Pemerintah Provinsi Papua mesti membuka ruang dialog
Melihat kenyataan itu, ungkap Maniagasi, alngkah eloknya jika Pemerintah Provinsi Papua yang hendak menjual asset mess Cenderawasih itu membuka ruang – ruang dialog dengan penghuni mess dan sekaligus memberikan win – win solusi bagi penghuninya yang nota bene adalah masyarakat Papua sendiri. Apalagi, para penghuni mess telah mendiammnya selama turun temurun, yakni sudah mencapai tiga generasi.
”Maka bila akan digusur, lakukanlah dengan penuh kedamaian. Berikan penghuni jaminan tempat tinggal yang layak dan memadai. Calon investor misalnya dapat membangun rumah susun atau perumahan yang layak huni,” katanya.

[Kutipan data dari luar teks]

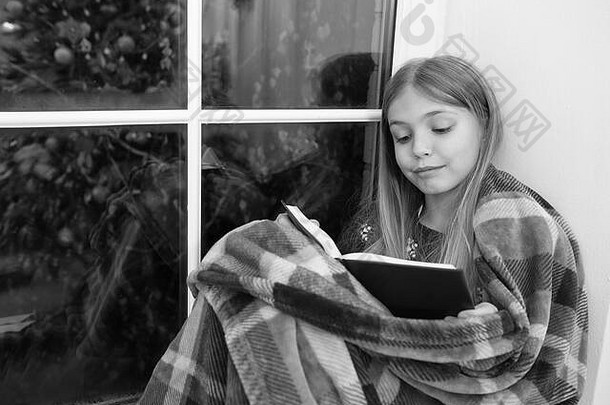 <strong>儿童图片</strong>书孩子读书圣诞节夏娃女孩享受阅读圣诞节故事读者格子坐窗口窗台上魔法圣诞节精神圣诞节书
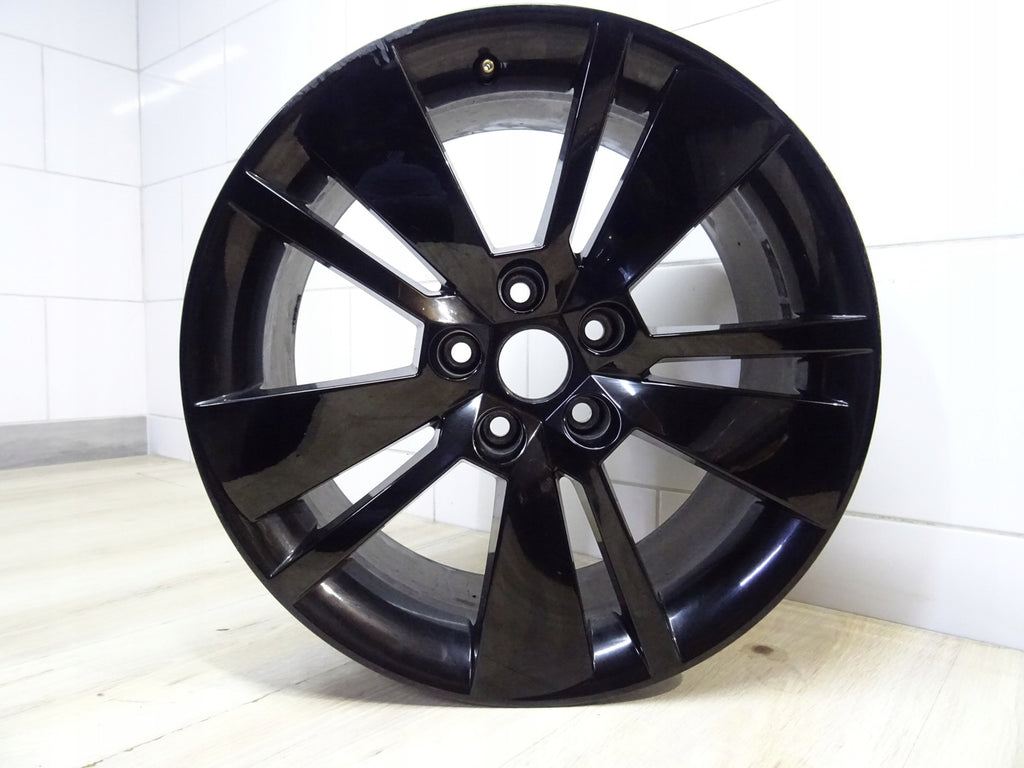 1x Alufelge 18 Zoll 8.0" 5x112 44ET Glanz Graphit 3V0601025AG Skoda Superb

Selain itu, lanjut Frans, tunjukan sikap bahwa Pemda Provinsi Papua mampu menyelesaikan permasalahan rumah tangganya sendiri dengan masyarakatnya tanpa menggunakan cara – cara ancaman dan kekerasan. Apalagi kasus ini berada di pusat ibu kota negara Jakarta. Perlu diingat juga bahwa mess Cenderawasih dan mess Papua lainnya di ibu kora adalah asset negara.
“Saya hanya mengingatkan jangan karena kepentingan pragmatisme, komersialisasi dan ingin menambah dana dikas daerah, Pemda Provinsi Papua mengorbankan rakyatnya ( penghuni mess) sendiri,” tandas Frans Maniagasi.